- _Work required_
Should the listing contain images, exclude them; give the rest again exactly.

- _Information provided_
=== Section Start ===

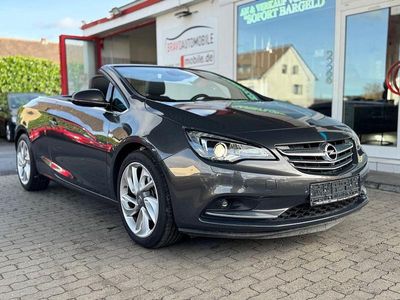 Opel Cascada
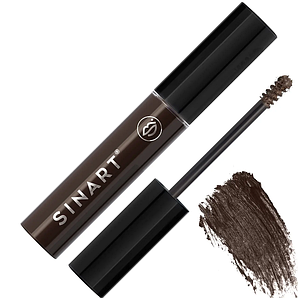 Sinart ESPRESSO 03 EYEBROW TINT GEL Фіксуючий тінт-гель для брів 4 мл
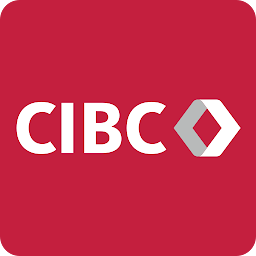 CIBC Mobile cover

=== Section End ===

- _Solution to this problem_
 Opel Cascada
 Sinart ESPRESSO 03 EYEBROW TINT GEL Фіксуючий тінт-гель для брів 4 мл
 CIBC Mobile cover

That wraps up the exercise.